I sort of dithered my way through a response to J, and hurriedly passed the phone over to The Brother asap.
The next few years saw me trying to show him I was older than he may see me. (Two years younger was a lot upon me just hitting 13 and him being the more mature 15 years, 6 months). I remember absolutely fannying about in my pink Glassons hot pants in hope he may see me as my real age, and not just a little sister. (And believe me, these hot pants were beyond shorts to the point of undies).

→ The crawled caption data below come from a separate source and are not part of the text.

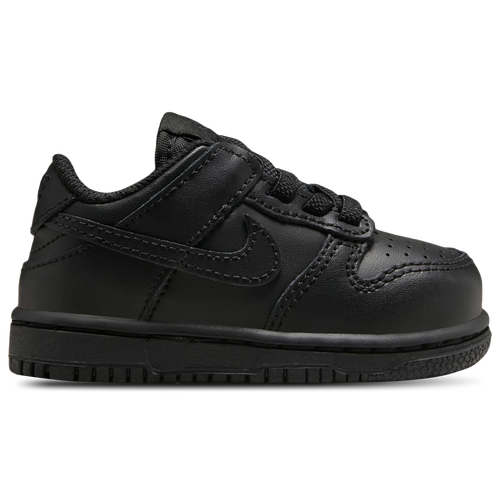 Nike Boys Dunk Low - Boy's Toddler Basketball Shoes Size 9.0 - Black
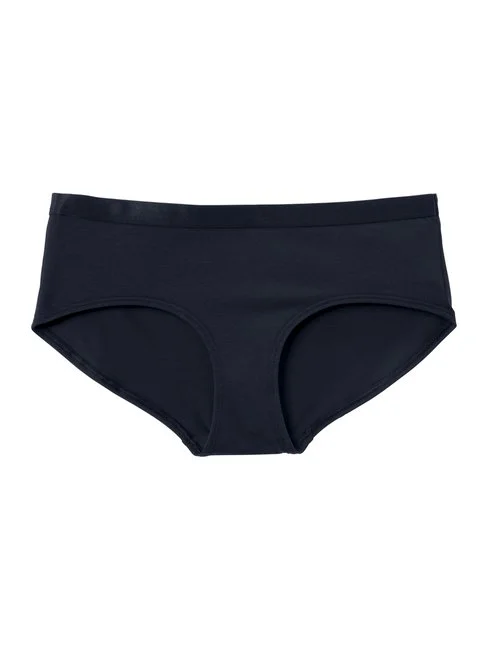 Calida Natural Joy Panty, Low Cut Dark Lapis Blue 8 Calida Natural Joy Panty, Low Cut Dark Lapis Blue – Bild 6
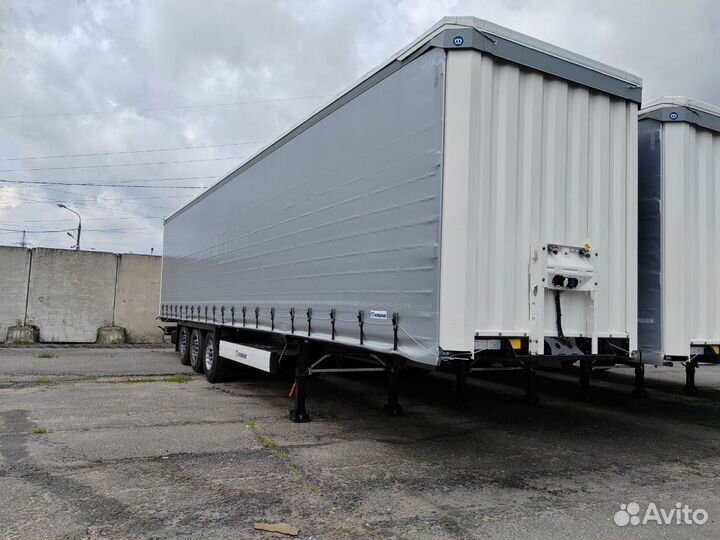 Полуприцеп шторный Krone SDP27, 2023
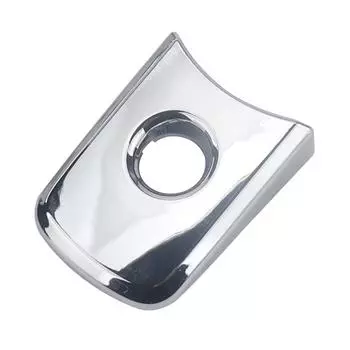 Передняя левая наружная хромированная дверная ручка с отверстием для ключа для Infiniti Fx35 Fx45 2003-2008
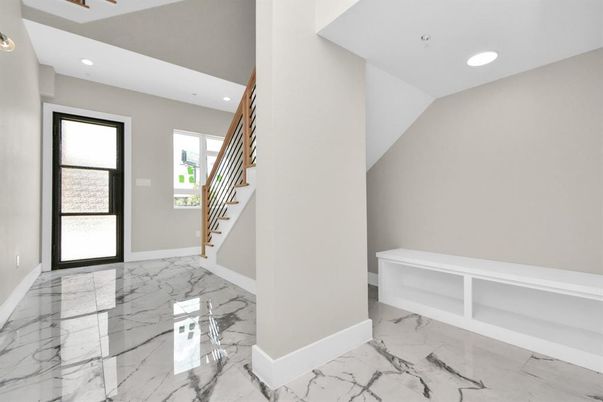 Interior, Marble, Recessed Lighting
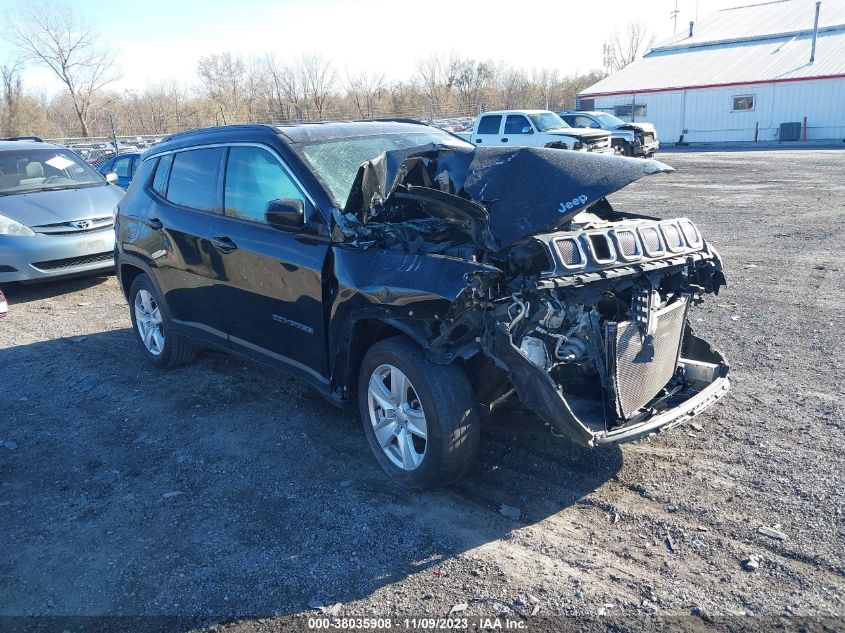 2022 JEEP COMPASS LATITUDE FWD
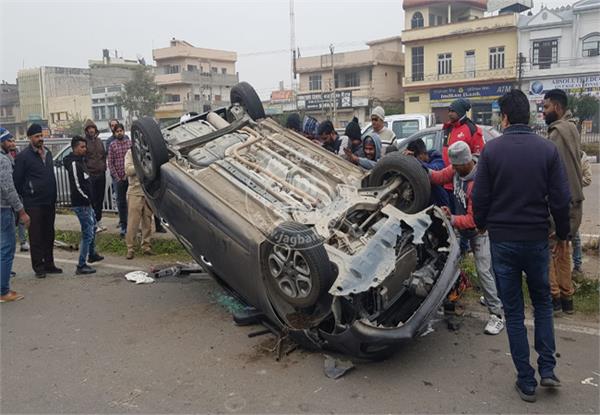 road accident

And even after years went by and we hit our 20s, I always maintained a soft spot for J and his melting big grin.
At his funeral, his mother said a phrase that has stuck with me ever since. (Again, I’ve written of this before). “J didn’t take his life; depression did.” Her saying that sentence enabled me to understand what had happened more in depth and to a greater degree than thinking of it in the sense that he had taken his own.
Often when I am saddened, it shows in the emotion of irritability rather than full on upsetness. You know, a bit rattled and irate, rather than woebegone and despairing. So when I finished work today, I found myself a bit ticked off and antsy.
Should I go to yoga? I questioned. The flirtation with making a’miss and heading home to The Pedaller was there. But I slung my mat over my shoulder and headed to the studio in a bid to qualm the unsettlement fluttering about within me. (It was actually me calling The Pedaller that did it; with a greeting of, “What?” I decided a hang up and ignore for an hour was the way to go. And what better place than in downward dog?).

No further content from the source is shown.